Pero la peste que diezmó a Milán en 1630 no fue solamente atribuida a los cálculos maltusianos avant la lettre del gobierno. Éste había azuzado a los milaneses contra Francia, entonces enemiga de España, de cuyos dominios formaba parte el Estado de Milán, porque los malos gobiernos, cuando se hallan ante situaciones que no saben o no pueden resolver, que ni siquiera tratan de afrontar, han recurrido siempre al expediente del enemigo externo al que endilgar todos los contratiempos y calamidades. Pero la supuesta y nunca comprobada presencia de agentes franceses no alcanzaba a disipar del todo la sospecha de que el propio rey Felipe IV, y quienes lo representaban en Milán, habían ordenado la mortandad, y de ahí el encarnizamiento de gobernantes y jueces cuando tuvieron delante a quienes la opinión pública señalaba como propagadores del morbo. No obstante, la vulgar personalidad de los acusados llevó a que la opinión de la mayoría se limitase a considerar la conspiración como puramente delictiva, que no política (interna o externa), y a creer que el grupo de ungidores sólo aspiraba al desorden, al robo y al saqueo al sembrar la muerte.

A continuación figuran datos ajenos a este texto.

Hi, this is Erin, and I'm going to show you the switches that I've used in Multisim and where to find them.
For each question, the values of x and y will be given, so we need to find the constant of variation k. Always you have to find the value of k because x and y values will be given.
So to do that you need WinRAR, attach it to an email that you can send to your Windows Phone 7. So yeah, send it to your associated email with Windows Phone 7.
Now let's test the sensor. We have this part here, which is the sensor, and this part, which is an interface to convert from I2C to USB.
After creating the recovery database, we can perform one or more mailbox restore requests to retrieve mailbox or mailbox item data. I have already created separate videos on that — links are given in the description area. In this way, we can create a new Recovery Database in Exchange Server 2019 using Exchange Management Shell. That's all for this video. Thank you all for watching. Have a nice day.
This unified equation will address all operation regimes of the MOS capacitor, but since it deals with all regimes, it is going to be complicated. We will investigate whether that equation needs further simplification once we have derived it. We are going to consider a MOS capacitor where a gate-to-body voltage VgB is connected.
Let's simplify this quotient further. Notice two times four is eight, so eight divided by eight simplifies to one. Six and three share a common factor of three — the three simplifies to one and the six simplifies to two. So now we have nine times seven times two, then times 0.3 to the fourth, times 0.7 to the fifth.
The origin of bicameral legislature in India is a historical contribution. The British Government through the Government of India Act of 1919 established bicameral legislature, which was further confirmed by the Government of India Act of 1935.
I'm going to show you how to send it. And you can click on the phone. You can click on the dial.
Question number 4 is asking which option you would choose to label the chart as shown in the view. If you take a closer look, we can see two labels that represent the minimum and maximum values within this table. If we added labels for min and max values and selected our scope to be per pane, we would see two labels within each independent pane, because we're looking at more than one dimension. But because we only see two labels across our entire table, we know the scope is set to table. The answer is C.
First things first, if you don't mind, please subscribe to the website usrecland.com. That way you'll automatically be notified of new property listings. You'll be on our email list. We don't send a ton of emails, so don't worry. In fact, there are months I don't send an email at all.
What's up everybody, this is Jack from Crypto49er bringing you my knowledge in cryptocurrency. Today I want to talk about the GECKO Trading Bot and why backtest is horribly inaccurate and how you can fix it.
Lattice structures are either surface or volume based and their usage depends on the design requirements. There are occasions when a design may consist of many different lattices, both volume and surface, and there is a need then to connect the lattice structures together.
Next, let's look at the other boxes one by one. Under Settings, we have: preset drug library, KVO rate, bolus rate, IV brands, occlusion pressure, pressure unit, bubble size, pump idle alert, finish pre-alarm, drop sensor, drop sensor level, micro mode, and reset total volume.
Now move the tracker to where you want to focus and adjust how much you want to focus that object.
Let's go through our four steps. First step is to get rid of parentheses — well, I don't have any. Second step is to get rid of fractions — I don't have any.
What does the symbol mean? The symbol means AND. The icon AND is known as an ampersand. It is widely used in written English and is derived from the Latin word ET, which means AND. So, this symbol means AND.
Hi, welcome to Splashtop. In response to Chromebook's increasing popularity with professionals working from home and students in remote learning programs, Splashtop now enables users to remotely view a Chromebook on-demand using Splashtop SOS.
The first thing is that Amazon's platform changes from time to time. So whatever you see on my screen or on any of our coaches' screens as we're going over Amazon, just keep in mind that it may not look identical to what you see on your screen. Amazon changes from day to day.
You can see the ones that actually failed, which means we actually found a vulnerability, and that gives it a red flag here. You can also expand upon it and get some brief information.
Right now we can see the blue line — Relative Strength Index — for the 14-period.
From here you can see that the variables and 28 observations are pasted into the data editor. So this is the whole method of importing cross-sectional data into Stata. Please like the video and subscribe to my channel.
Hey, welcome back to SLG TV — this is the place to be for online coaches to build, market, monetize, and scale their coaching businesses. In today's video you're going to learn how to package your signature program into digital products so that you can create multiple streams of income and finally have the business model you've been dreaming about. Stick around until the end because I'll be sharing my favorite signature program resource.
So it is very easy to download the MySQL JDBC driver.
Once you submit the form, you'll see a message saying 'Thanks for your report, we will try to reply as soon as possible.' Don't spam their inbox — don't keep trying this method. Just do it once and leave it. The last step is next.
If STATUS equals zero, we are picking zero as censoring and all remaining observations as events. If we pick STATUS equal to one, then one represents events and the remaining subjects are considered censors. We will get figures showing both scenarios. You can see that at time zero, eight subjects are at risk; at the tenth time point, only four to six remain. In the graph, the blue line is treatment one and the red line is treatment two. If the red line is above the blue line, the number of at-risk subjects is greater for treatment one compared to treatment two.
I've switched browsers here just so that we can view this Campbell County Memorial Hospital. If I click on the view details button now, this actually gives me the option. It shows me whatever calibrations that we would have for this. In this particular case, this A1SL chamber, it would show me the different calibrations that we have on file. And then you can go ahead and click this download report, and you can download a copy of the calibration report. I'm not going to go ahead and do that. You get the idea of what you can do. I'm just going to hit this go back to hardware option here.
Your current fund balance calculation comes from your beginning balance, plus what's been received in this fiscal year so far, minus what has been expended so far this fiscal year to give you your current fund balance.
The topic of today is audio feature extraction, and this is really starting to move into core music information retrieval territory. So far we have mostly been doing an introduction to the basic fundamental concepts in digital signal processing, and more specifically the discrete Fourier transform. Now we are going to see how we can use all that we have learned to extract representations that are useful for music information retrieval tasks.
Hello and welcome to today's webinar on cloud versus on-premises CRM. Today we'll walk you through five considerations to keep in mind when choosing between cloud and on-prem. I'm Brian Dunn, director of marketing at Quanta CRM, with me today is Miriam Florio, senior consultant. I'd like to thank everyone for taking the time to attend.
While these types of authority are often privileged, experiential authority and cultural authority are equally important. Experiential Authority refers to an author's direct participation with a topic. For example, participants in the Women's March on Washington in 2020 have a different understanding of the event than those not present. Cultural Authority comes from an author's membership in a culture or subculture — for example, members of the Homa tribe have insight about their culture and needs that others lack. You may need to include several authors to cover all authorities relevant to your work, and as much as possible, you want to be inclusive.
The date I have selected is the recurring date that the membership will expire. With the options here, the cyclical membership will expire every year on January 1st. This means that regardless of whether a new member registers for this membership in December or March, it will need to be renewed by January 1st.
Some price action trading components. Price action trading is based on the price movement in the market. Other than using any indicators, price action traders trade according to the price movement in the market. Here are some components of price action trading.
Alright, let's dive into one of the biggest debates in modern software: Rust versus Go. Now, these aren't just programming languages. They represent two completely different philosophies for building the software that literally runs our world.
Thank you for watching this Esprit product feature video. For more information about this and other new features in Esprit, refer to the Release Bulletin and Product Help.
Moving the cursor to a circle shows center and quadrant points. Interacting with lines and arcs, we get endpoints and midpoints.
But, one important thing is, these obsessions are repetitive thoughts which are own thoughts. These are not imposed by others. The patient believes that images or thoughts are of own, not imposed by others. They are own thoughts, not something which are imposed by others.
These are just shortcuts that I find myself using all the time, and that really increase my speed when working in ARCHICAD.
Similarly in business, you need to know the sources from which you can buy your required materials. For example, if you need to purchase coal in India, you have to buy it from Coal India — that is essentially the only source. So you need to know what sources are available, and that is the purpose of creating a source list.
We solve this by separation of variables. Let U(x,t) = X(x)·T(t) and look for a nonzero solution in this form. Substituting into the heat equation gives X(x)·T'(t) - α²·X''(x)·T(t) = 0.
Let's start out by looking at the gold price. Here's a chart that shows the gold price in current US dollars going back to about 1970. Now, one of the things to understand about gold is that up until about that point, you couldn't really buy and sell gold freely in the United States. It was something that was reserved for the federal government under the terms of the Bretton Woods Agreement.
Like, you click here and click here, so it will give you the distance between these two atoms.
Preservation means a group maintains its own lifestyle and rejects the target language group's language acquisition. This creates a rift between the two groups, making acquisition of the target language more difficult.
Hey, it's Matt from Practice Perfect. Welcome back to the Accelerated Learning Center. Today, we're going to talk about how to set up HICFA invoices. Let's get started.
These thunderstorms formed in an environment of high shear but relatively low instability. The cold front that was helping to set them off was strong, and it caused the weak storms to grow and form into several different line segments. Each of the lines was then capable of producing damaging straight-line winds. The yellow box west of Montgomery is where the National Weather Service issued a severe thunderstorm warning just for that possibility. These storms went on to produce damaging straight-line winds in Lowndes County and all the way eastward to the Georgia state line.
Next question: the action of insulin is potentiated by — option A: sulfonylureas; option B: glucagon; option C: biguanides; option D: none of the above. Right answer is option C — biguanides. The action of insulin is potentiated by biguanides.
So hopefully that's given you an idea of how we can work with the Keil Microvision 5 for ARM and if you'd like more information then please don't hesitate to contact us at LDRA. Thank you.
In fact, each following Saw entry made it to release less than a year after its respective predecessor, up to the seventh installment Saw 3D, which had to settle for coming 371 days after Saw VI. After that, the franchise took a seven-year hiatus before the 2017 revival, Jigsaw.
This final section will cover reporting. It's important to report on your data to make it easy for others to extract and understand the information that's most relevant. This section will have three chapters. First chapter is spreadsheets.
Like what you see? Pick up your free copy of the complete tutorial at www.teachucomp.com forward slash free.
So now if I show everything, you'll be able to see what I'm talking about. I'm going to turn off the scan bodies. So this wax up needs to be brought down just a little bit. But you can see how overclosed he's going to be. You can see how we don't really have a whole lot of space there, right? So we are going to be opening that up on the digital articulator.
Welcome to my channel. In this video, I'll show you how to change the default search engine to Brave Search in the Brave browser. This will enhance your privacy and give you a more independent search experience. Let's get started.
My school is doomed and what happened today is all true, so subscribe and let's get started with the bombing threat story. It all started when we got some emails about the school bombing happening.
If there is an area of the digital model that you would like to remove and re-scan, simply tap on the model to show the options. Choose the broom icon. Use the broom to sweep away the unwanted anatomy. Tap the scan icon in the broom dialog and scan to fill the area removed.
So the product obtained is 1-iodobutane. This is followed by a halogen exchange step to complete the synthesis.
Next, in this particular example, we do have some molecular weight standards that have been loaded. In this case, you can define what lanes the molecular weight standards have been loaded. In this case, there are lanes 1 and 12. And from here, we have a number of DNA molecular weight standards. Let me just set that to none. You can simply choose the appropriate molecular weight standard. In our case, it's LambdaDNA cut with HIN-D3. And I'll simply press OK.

La figura del ungidor se había materializado ya durante la peste de 1576, cuando —como dice Nicolini— se sorprendió a un desconocido en flagrante delito (¿de qué?) y fue ahorcado (y quedó memoria, apócrifa sin duda, para descargo de la conciencia colectiva, de que ya a punto de ser ahorcado reveló la receta de un antídoto. Por consiguiente, nadie dudaba de que conociese también la del veneno). La figura del ungidor tuvo en 1630 una más trágica, amplia y prolongada apoteosis. Y no sólo en Milán. Pero sobre la de Milán, sobre el recuerdo ciudadano que de ésta se guardaba, sobre los escritos que la describían, se descarga en el siglo siguiente la indignación del ilustrado Pietro Verri, y también, un siglo después, en el XIX, la no menos indignada, pero más dolorosa, inquieta y aguda meditación del católico Alessandro Manzoni.